Dataset excerpt:
================

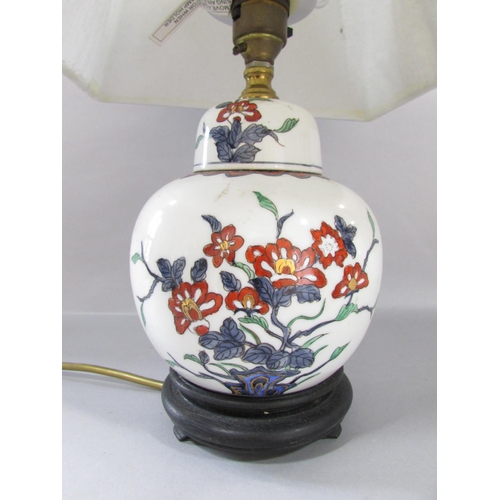 529 - A modern blue and white Chines style ginger jar lamp, another white and floral similar lamp, a Europ... 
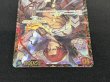 画像3: シャンクス(CS25-26/illust:Shishizaru)【SR】{OP09-004} (3)
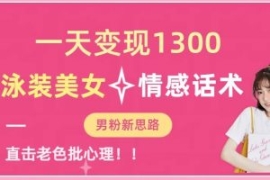 一天变现1300，泳装美女+情感话...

================

Your assignment: Please copy the data above exactly, omitting the pictures.

Response below:
 529 - A modern blue and white Chines style ginger jar lamp, another white and floral similar lamp, a Europ... 
 画像3: シャンクス(CS25-26/illust:Shishizaru)【SR】{OP09-004} (3)
 一天变现1300，泳装美女+情感话...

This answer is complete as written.